Ein kleiner Rückblick: Wie haben Sie die 23 Jahre in Attendorn erlebt?

Ich verlasse Attendorn mit einem weinenden Auge, weil ich die Gemeinde unglaublich gerne geleitet habe. Ich habe viel Menschen kennengelernt, die sich eingebracht haben. Gemeinsam haben wir vieles angestoßen und aufgebaut. Da ist die Gründung der Attendorner Tafel Ende der 1990er Jahre sicher ein wichtiges Datum. Wir haben das Lebensfroh im Schwalbenohl als großes Sozial- und Begegnungszentrum aufgemacht, in der Kinder- und Jugendbücherei haben wir den Ehrenamtspreis des Landes NRW gewonnen. Wir haben das Beta-Gütesiegel für den Kindergarten bekommen. Das waren tolle Erfolge. Daneben bleiben aber vor allem die vielen, vielen Einzelgespräche hängen, etwa die Trauergespräche bei Beerdigungen, aber auch ganz viele andere Begegnungen.

Zur Person

Dr. Christof Grote ist 55 Jahre alt, verheiratet und Vater zweier Kinder. Nach seinem Abitur in Münster studierte er Theologie in Bethel, Heidelberg und Münster. Sein Vikariat absolvierte der Ostwestfale beim Diakonischen Werk Westfalen in Münster und in der Kirchengemeinde Versmold-Bockhorst. Schließlich war Grote Pfarre im Entsendungsdienst im Kirchenkreis Halle/Westfalen. In Attendorn ist Grote Pfarrer seit 1997.
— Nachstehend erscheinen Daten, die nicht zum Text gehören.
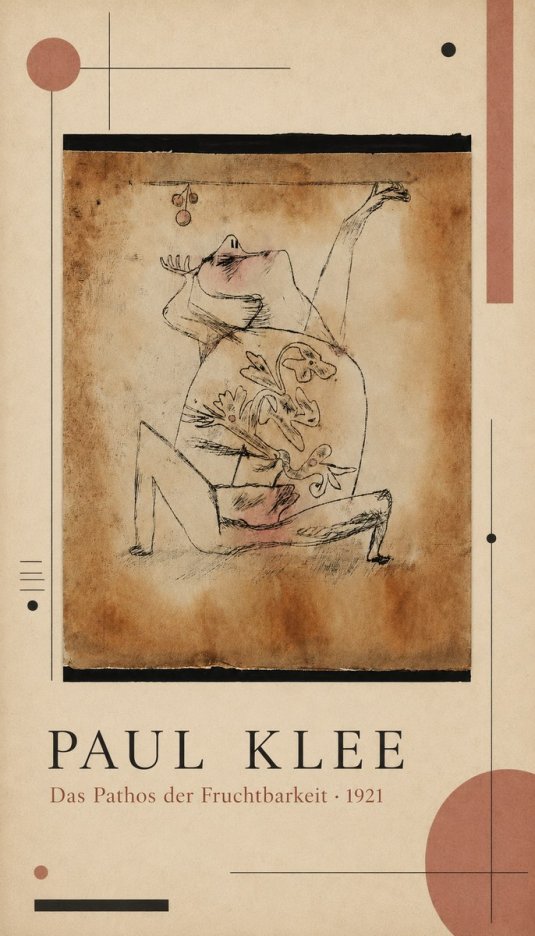Paul Klee Das Pathos Der Fruchtbarkeit No4 - Plakat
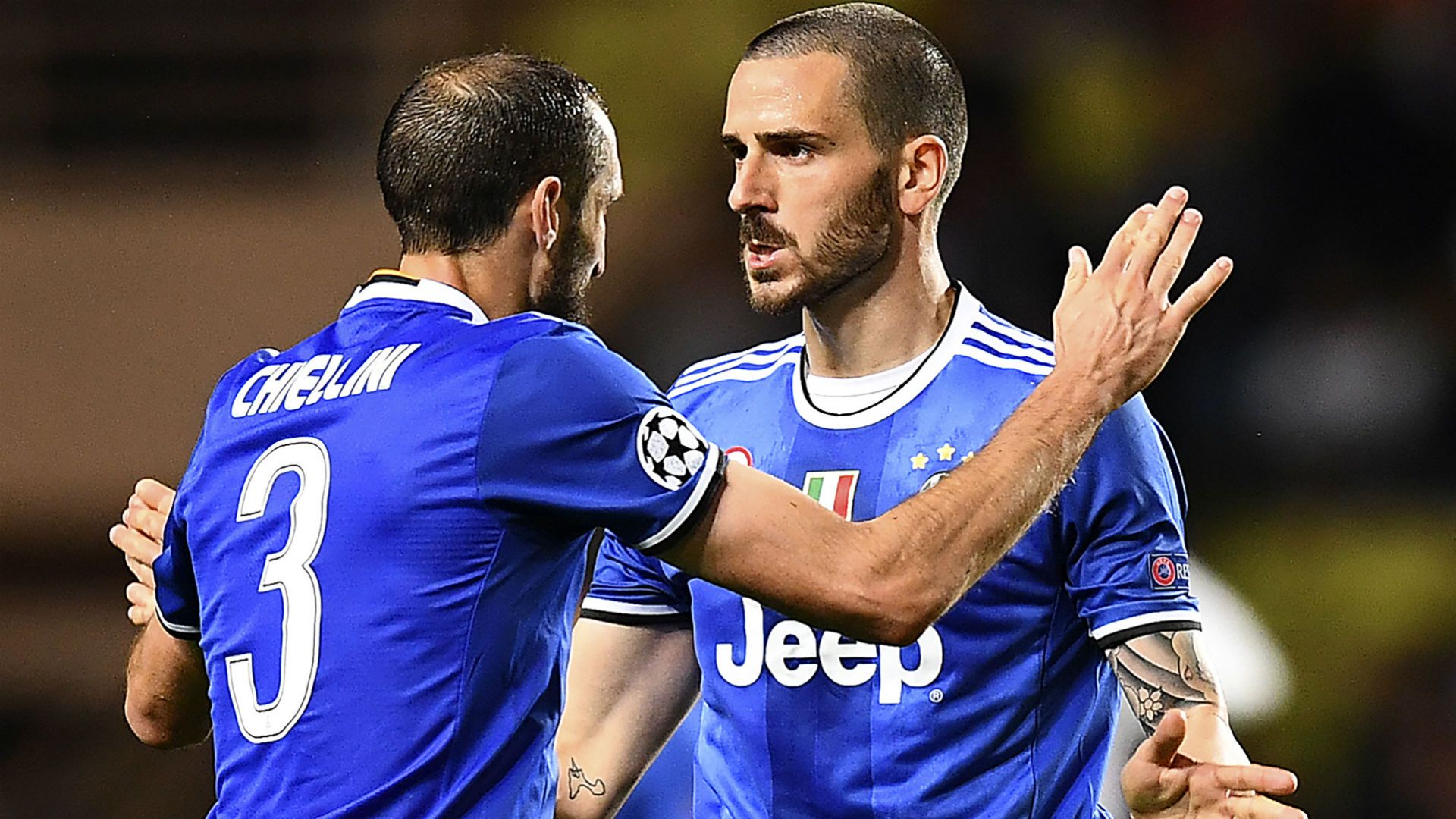 Giorgio Chiellini Leonardo Bonucci Juventus Champions League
Als neuer Superintendent ist Grote künftig Dienstherr von rund 300 Angestellten. Während im Märkischen Kreis der Anteil der evangelischen Bevölkerung bei etwa 40 Prozent liegt, sind es im Kreis Olpe nur etwa zehn Prozent.

Wie haben die Leute in Attendorn auf ihren bevorstehenden Abschied reagiert?

Ich habe ganz viele Reaktionen erhalten, die eine doppelte Botschaft hatten: Glückwünsche auf der einen Seite, aber auch Bedauern auf der anderen, dass ich die konkrete Gemeindearbeit vor Ort nicht mehr mitgestalten werde.

Wer wird das denn an Ihrer Stelle ab Anfang November tun?

Wir werden in den verschiedenen Kirchengremien überlegen, und tun das auch schon, wie es hier weitergehen kann und wie wir die Arbeit verteilen. Mehr kann ich dazu noch nicht sagen. Man muss den passenden Menschen auch finden.

Wie sehr werden Sie den Attendorner Weg weiter verfolgen?

Als Superintendent werde ich natürlich insgesamt verfolgen, was in den 23 Gemeinden des Kirchenkreises passiert. Dass ich dabei immer besonders auf Attendorn gucken werde, ist ja selbsterklärend.

Bleiben Sie eigentlich in Attendorn wohnen?

Das ist noch unklar. Wir würden gerne.